[MATERIAL FOR THIS EXERCISE Boundary: Start]

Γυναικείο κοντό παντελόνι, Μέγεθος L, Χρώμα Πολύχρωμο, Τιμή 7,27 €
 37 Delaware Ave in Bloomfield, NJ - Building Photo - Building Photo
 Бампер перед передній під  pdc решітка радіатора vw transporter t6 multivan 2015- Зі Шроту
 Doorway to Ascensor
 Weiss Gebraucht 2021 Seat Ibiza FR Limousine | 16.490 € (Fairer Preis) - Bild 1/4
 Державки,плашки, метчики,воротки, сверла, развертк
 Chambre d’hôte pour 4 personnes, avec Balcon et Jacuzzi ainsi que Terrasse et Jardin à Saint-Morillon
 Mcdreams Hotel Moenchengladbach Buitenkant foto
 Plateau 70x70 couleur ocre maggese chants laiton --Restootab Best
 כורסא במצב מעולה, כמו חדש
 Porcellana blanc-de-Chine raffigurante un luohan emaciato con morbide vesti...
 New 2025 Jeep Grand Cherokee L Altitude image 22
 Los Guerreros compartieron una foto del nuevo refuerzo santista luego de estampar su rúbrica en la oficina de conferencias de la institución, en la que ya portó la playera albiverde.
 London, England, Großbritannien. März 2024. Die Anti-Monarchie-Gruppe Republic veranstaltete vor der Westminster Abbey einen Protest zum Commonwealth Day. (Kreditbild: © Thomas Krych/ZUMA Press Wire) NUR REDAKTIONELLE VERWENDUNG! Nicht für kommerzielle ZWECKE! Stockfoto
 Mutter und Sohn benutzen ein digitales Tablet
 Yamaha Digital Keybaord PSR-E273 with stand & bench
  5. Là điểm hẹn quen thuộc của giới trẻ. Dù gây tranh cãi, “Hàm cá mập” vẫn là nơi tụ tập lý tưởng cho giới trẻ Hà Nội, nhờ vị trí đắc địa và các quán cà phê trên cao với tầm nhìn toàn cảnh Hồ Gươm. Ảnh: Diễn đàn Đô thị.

[MATERIAL FOR THIS EXERCISE Boundary: End]

**WHAT YOU ARE ASKED TO DO**
The stretch of entries above that starts with the line containing "Plateau 70x70 couleur" and goes on through the line containing "Yamaha Digital Keybaord" is to be transcribed exactly, and no other line is to be transcribed.

**RESPONSE**
 Plateau 70x70 couleur ocre maggese chants laiton --Restootab Best
 כורסא במצב מעולה, כמו חדש
 Porcellana blanc-de-Chine raffigurante un luohan emaciato con morbide vesti...
 New 2025 Jeep Grand Cherokee L Altitude image 22
 Los Guerreros compartieron una foto del nuevo refuerzo santista luego de estampar su rúbrica en la oficina de conferencias de la institución, en la que ya portó la playera albiverde.
 London, England, Großbritannien. März 2024. Die Anti-Monarchie-Gruppe Republic veranstaltete vor der Westminster Abbey einen Protest zum Commonwealth Day. (Kreditbild: © Thomas Krych/ZUMA Press Wire) NUR REDAKTIONELLE VERWENDUNG! Nicht für kommerzielle ZWECKE! Stockfoto
 Mutter und Sohn benutzen ein digitales Tablet
 Yamaha Digital Keybaord PSR-E273 with stand & bench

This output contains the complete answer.